● **THE PROBLEM**
The answer must reproduce all of the data below exactly and contain no images.

● **SOURCE DATA**
──────
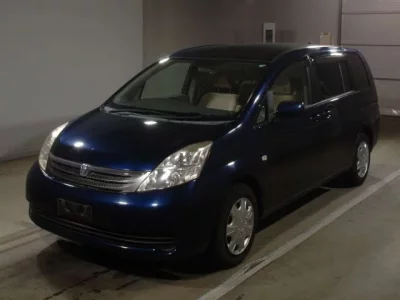 Toyota ISIS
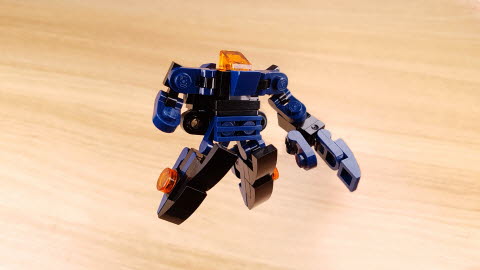 Micro shark type transformer robot - Shark Knight
 2 - transformation,transformer,LEGO transformer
──────
● **COMPLETED TASK**
 Toyota ISIS
 Micro shark type transformer robot - Shark Knight
 2 - transformation,transformer,LEGO transformer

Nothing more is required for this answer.